▶ Work to complete: In the material below, find the span from the line with "American Eagle Outfitters" to the line with "Lo que debes" and transcribe only those lines, exactly, ends included, without the pictures.

▶ Material for the task:

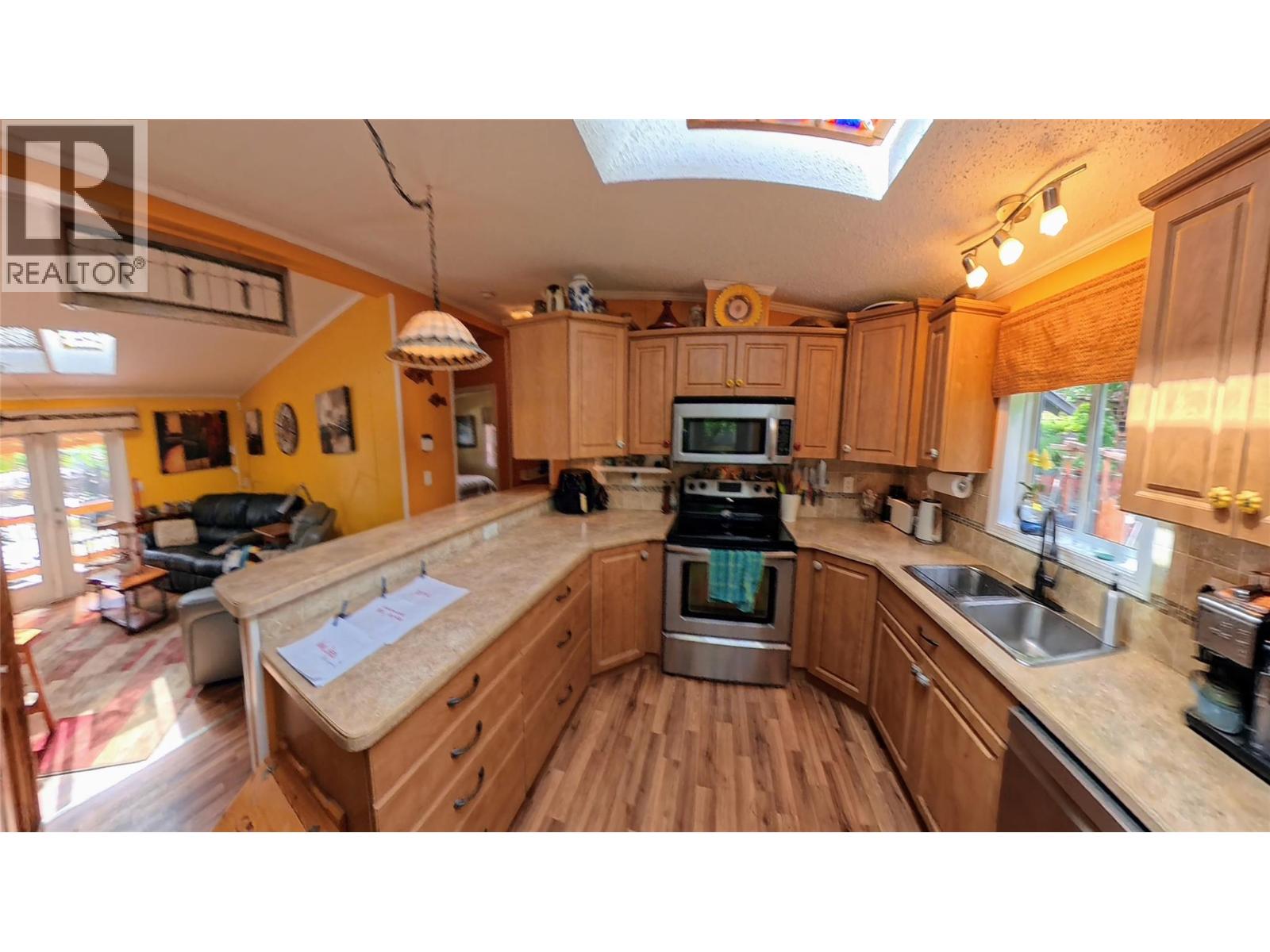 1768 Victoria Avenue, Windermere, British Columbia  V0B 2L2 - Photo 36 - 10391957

==

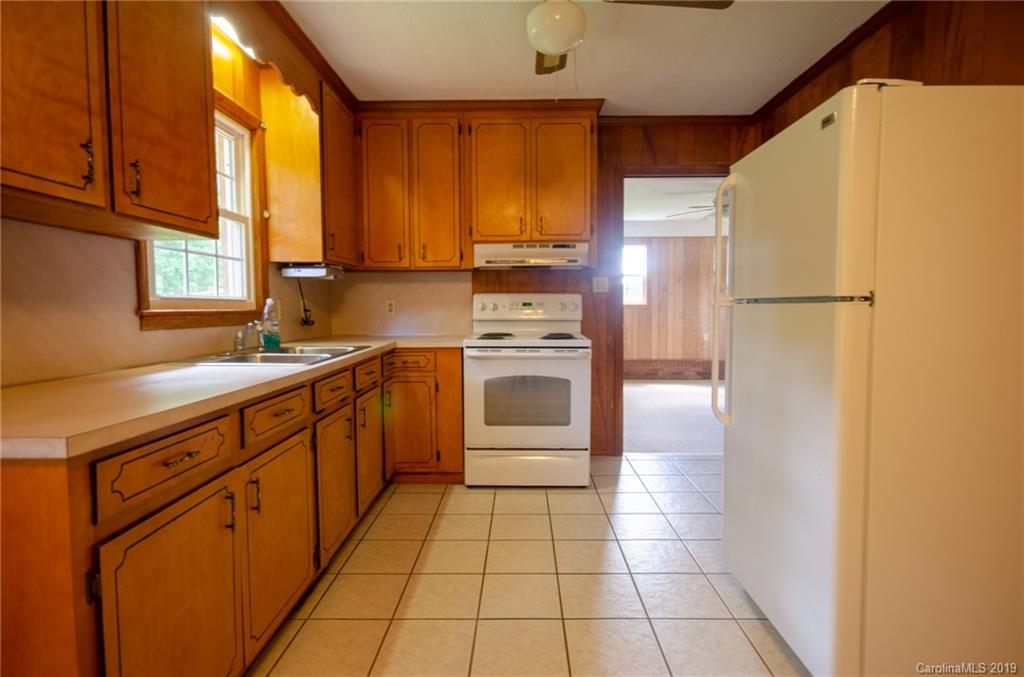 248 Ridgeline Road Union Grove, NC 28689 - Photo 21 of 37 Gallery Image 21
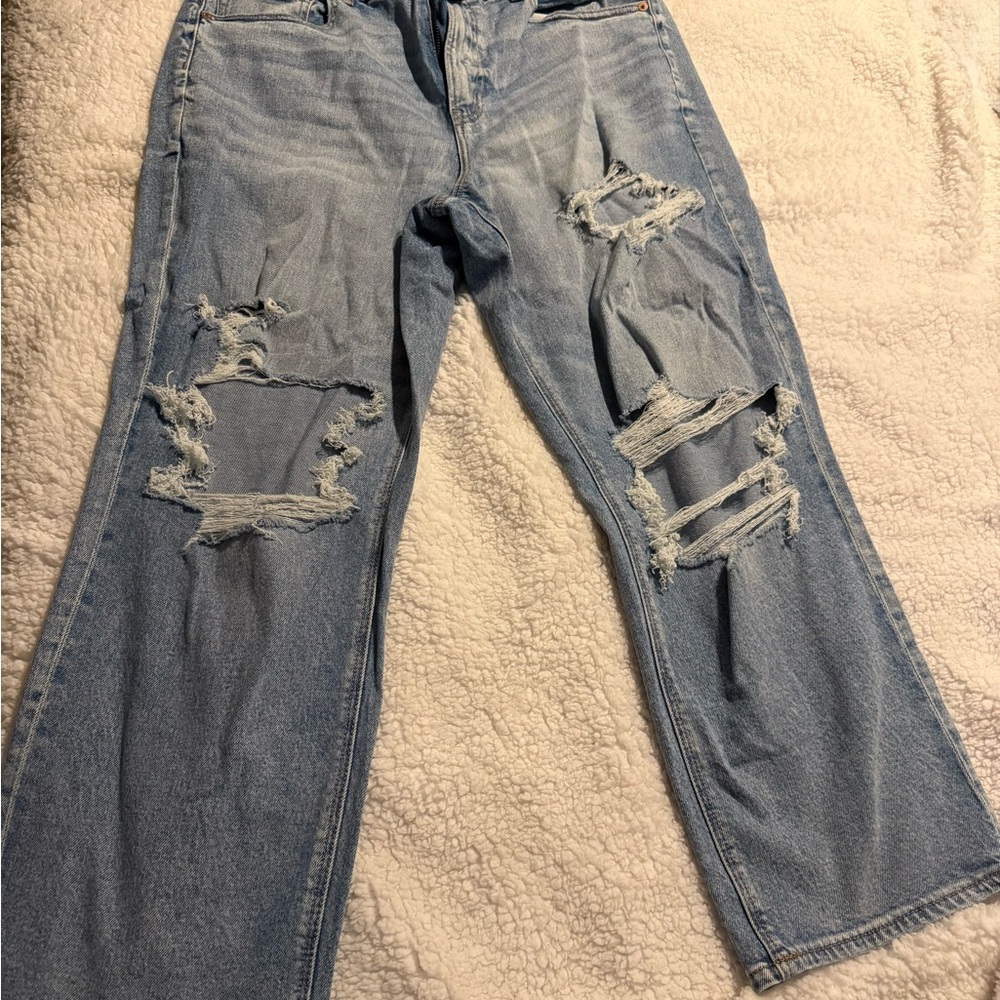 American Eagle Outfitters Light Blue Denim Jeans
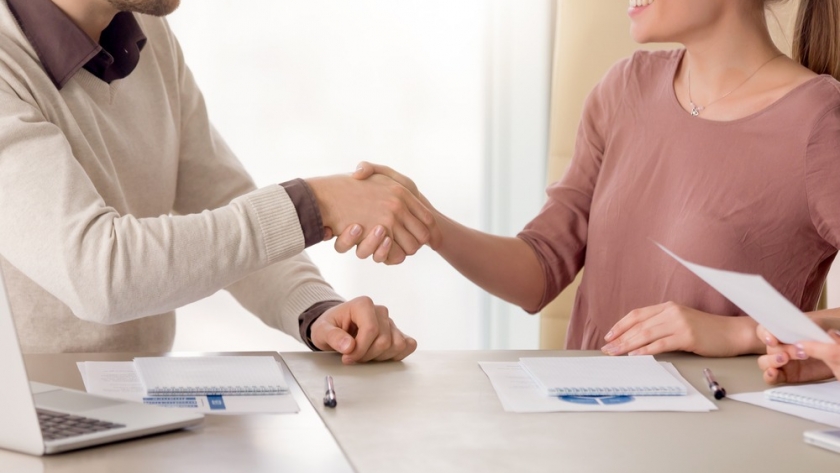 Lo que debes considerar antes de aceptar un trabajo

▶ Solution to this exercise:
 American Eagle Outfitters Light Blue Denim Jeans
 Lo que debes considerar antes de aceptar un trabajo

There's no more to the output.